Supplied data Block Start

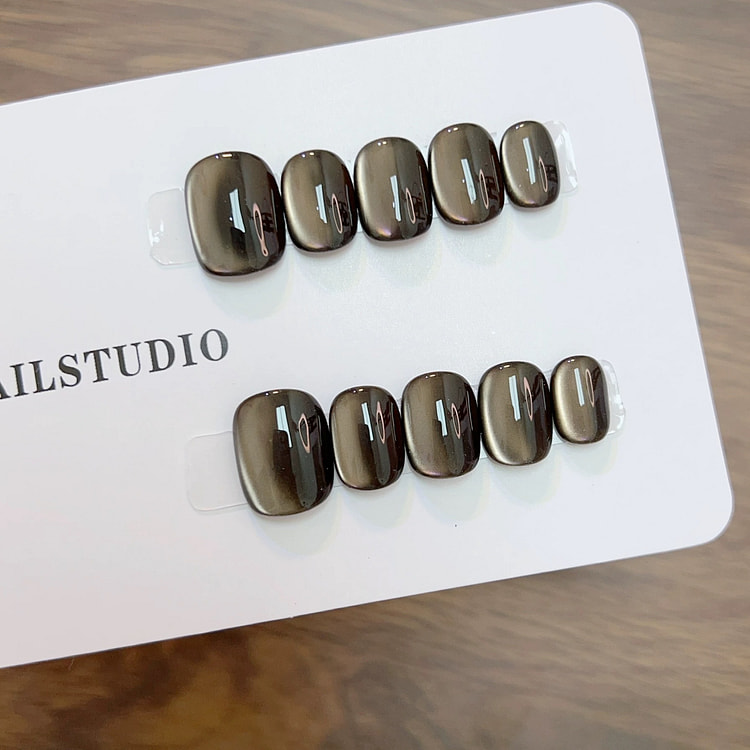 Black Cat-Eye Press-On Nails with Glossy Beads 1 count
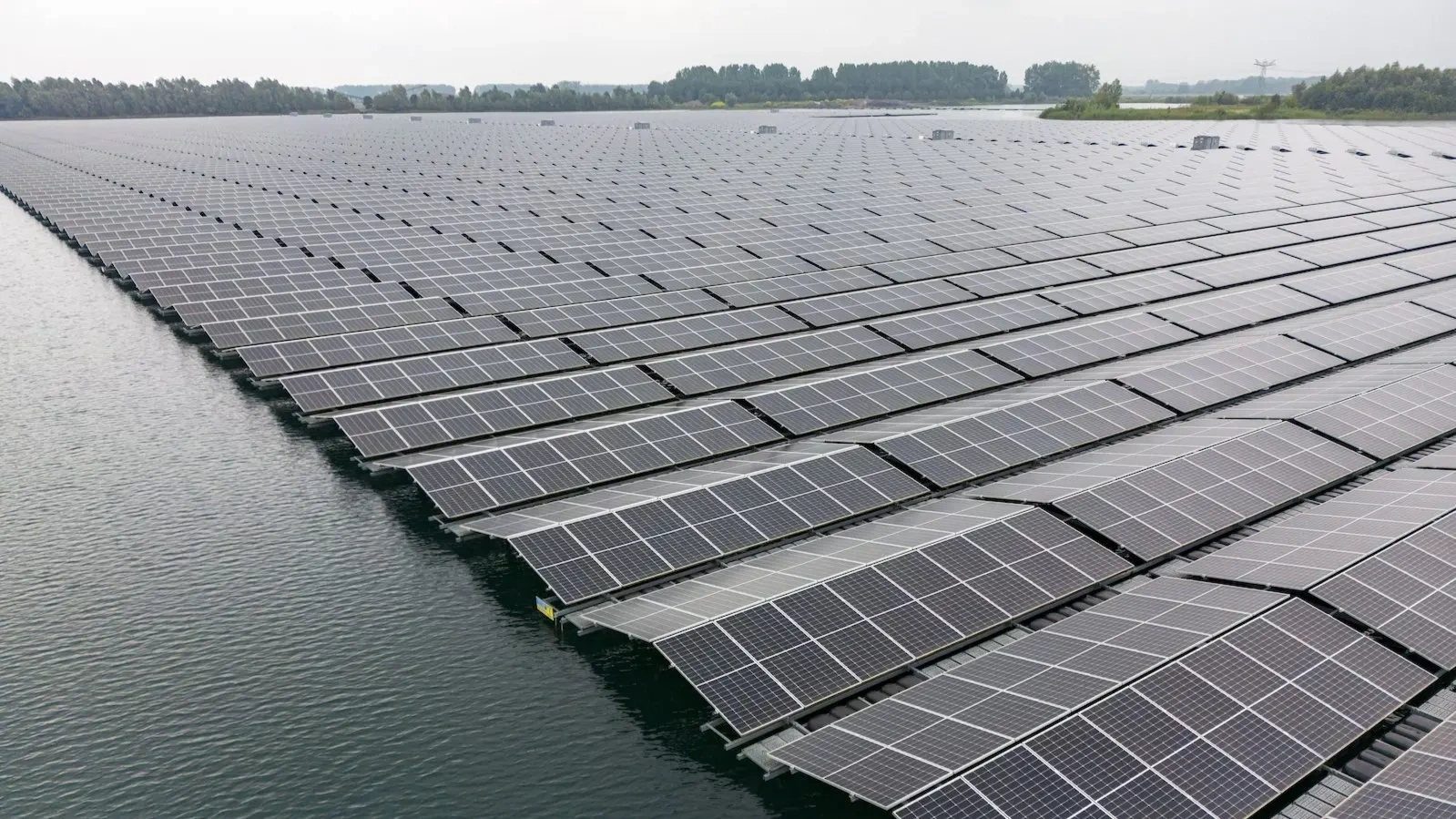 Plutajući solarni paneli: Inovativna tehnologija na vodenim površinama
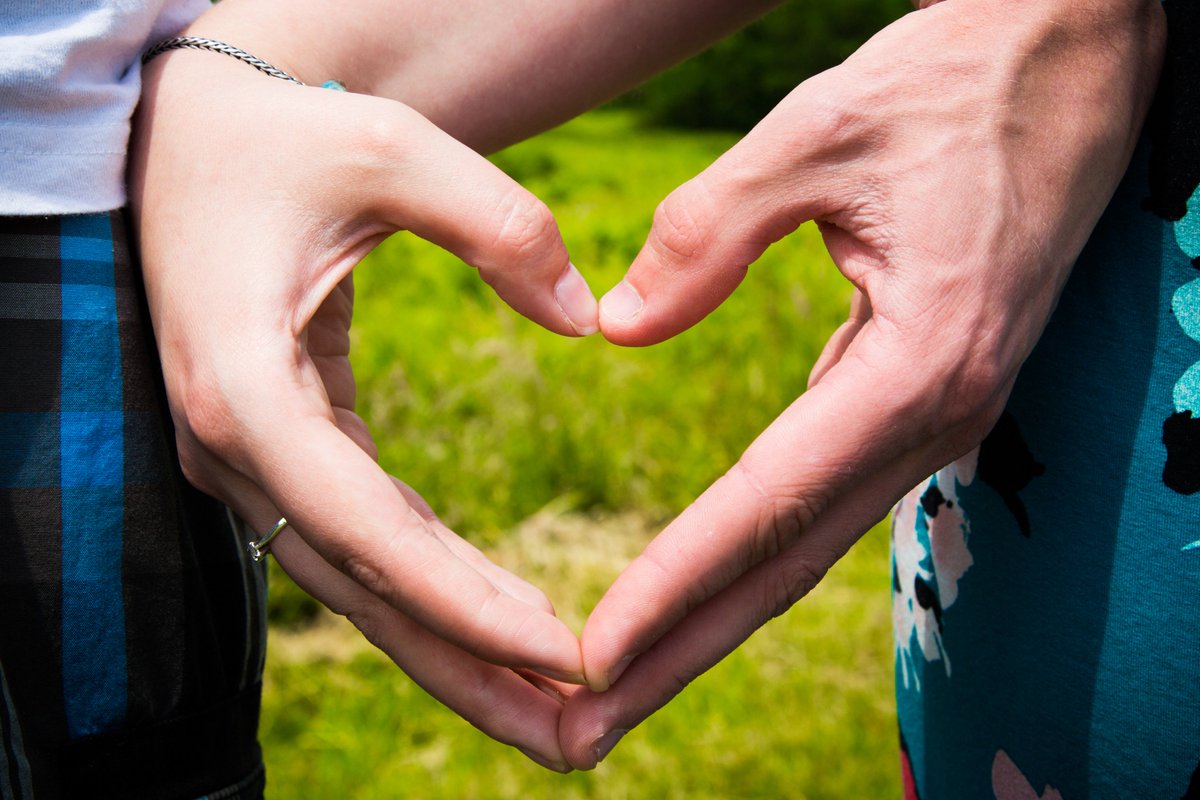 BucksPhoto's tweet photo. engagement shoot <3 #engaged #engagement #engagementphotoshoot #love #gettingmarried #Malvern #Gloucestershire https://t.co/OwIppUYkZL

Supplied data Block End

• Work instructions:
In your output, repeat the listing above exactly and include none of the pictures.

• Result for this exercise:
 Black Cat-Eye Press-On Nails with Glossy Beads 1 count
 Plutajući solarni paneli: Inovativna tehnologija na vodenim površinama
 BucksPhoto's tweet photo. engagement shoot <3 #engaged #engagement #engagementphotoshoot #love #gettingmarried #Malvern #Gloucestershire https://t.co/OwIppUYkZL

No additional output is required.